**Exercise aim**
Using the listing below, print the line containing "Picture of Kooks", the line containing "ф/п х 1,5 г", and each line between them, exactly and nothing else. Pictures stay out of the print.

**Material for this task**
☆ ☆ ☆ ☆ ☆ ☆ ☆
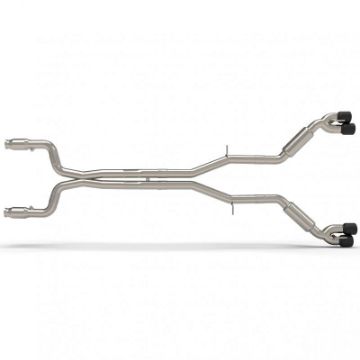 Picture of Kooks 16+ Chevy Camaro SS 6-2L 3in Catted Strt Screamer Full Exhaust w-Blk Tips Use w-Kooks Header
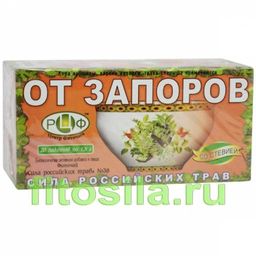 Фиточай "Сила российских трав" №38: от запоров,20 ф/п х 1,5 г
☆ ☆ ☆ ☆ ☆ ☆ ☆
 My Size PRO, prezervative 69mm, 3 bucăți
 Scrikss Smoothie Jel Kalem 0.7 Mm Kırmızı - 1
☆ ☆ ☆ ☆ ☆ ☆ ☆
**Answer box**
 Picture of Kooks 16+ Chevy Camaro SS 6-2L 3in Catted Strt Screamer Full Exhaust w-Blk Tips Use w-Kooks Header
 Фиточай "Сила российских трав" №38: от запоров,20 ф/п х 1,5 г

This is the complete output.